We komen langs een voetbalveldje waar een paar jongens aan het voetballen zijn. Ik hou de rolstoel stil en we staan zwijgend naar de jongens te kijken. Dan kijkt er één van hen op en kijkt me met een grote grijns aan. 'Hey! Wil je ook meedoen?' roept hij naar me. Vanuit mijn ooghoek zie ik het gezicht van Tim betrekken. Ik schud mijn hoofd. 'Nee, ik blijf hier,' roep ik terug. Tim kijkt me aan. 'Ga maar, hoor. Ik gun je ook wat plezier. Anders zit je maar aan me vastgeplakt.' Ik kijk hem geïrriteerd aan. 'Nee, ik laat je niet in de steek.'
'Toe nou. Jij verdient ook wat plezier,' mompelt Tim en hij kijkt me bijna smekend aan. Ik zucht en haal een hand door mijn haar. 'Goed dan. Heel even. Doe geen rare dingen terwijl ik eventjes weg ben.' Ik kijk hem streng aan en hij knikt met een glimlach. Ik kijk hem nog even aan en ren dan het veld op.
;-;-;-;-;
Na een kleine tien minuten heb ik al geen zin meer in het voetballen. Ik zeg de jongens gedag, draai me om en blijf als aan de grond genageld staan.
Waar is Tim?
De plek waar de rolstoel nog net stond, is leeg. En als ik om me heen kijk zie ik hem nergens. De paniek stijgt en ik loop met een naar voorgevoel het brede pad op. Ik kijk wild om me heen, maar de rolstoel met de patiënt erin vind ik niet. Ik begin zijn naam te roepen, maar ik krijg geen gehoor en het paniekgevoel wordt nu echt groot.
Ik ga verder het park in en kijk met een bonzend hart om me heen. Ik moet Tim vinden. Wat als ik zonder hem terug moet keren naar het ziekenhuis? Ik kan toch geen dokter worden als ik nu al mijn patiënt kwijt raak?
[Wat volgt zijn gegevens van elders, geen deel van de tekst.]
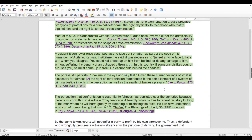President Eisenhower once described face-to-face confrontation as a part of the code of his hometown in Abilene, Kansas. He said it's necessary to meet anyone face-to-face with whom you disagree. You could not sneak up on him from behind or do damage without suffering the penalty of an outraged citizenry. In this country, if someone dislikes you or accuses you, he must come up front — he cannot hide behind the shadows. To me that's kind of that old-school, good old American thinking.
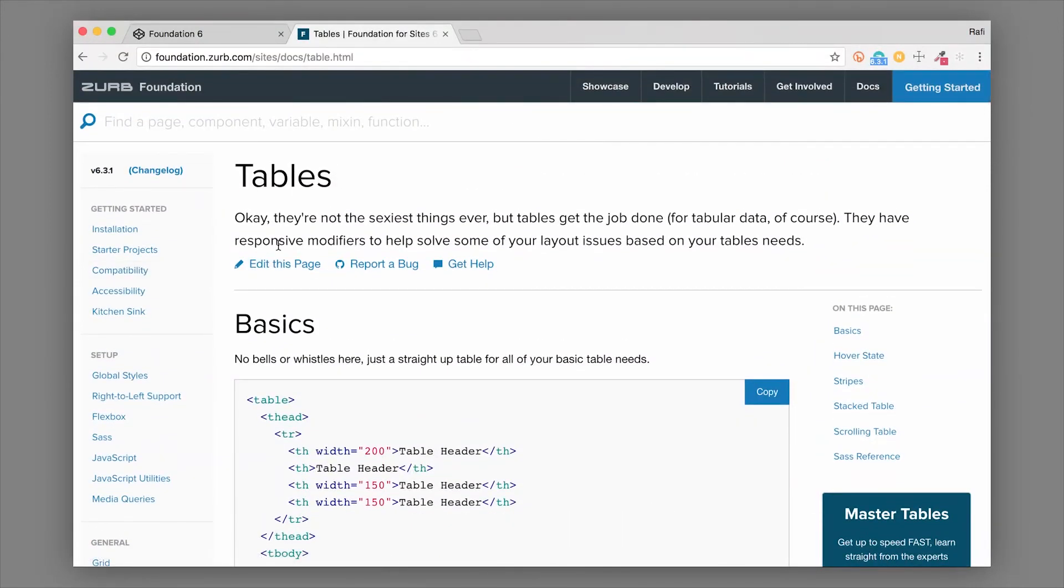There's a lot more to learn in Foundation. So if you want to learn about all the different features in Foundation, we have our intro to Foundation class. Make sure you check that out. I'll put the link below, and thanks for watching.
'F-fuck! ...facking k-klootzak!' klinkt er dan een stem. Ik sta met een schok stil en voel mijn hart in mijn keel bonzen. Was dat niet Tim? Het moet hem zijn! 'Tim?' roep ik aarzelend. Bij het ingevallen schuurtje waar ik nu voor sta wordt het doodstil. 'Luke? Luke, he-' Er klinkt een klap en daarna een kreun. Ik kom met een schok uit mijn trance en ren naar de achterkant van het schuurtje.
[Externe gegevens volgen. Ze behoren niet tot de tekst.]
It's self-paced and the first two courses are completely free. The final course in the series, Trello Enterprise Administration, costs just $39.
Ik blijf stilstaan en met grote ogen kijk ik naar het tafereel dat zich voor me afspeelt. De rolstoel ligt een klein eindje van me af op zijn kant op de grond. Er zijn twee jongens bij hem. Één van de twee jongens houdt Tim vast en de andere staat op hem in te slaan. Er zit een grote, blauwe plek op zijn kaak en het bloed stroomt uit zijn neus.
Een enorme woede komt bij me omhoog en ik ren naar de jongen die Tim nu in zijn maag zit te stompen. Ik ruk hem van Tim af en maak een vuist. 'Vuile klootzak!' schreeuw ik voordat ik mijn vuist in zijn oog plant. De jongen wankelt achteruit en probeert zich af te schermen, maar hij krijgt geen kans want ik stomp steeds sneller op hem in. Bloed stroomt rijkelijk uit zijn neus en zijn oog wordt langzaam dik en blauw.
Zijn vriend laat Tim los en probeert hem te helpen. Ik pak hem bij zijn keel en druk hem tegen de muur. Hij gorgelt en trapt naar me, maar ik geef niet toe en geef hem een dodelijke blik. 'Rot. op,' sis ik. De jongen knikt snel en ik laat hem los. Hij pakt zijn vriend vast en met z'n tweeën rennen ze er als twee angsthazen vandoor. Ik kijk ze kwaad na.
Er klinkt een zachte kreun achter me en ik draai me gelijk om. Tim zit in elkaar gezakt tegen het muurtje en heeft zijn handen voor zijn ogen geslagen. Zijn hele lichaam trilt en ik hoor hem zacht snikken. Ik laat me naast hem op de grond vallen en neem hem in mijn armen. Hij verstijfd even, maar ontspant dan en kruipt nog verder in mijn armen weg.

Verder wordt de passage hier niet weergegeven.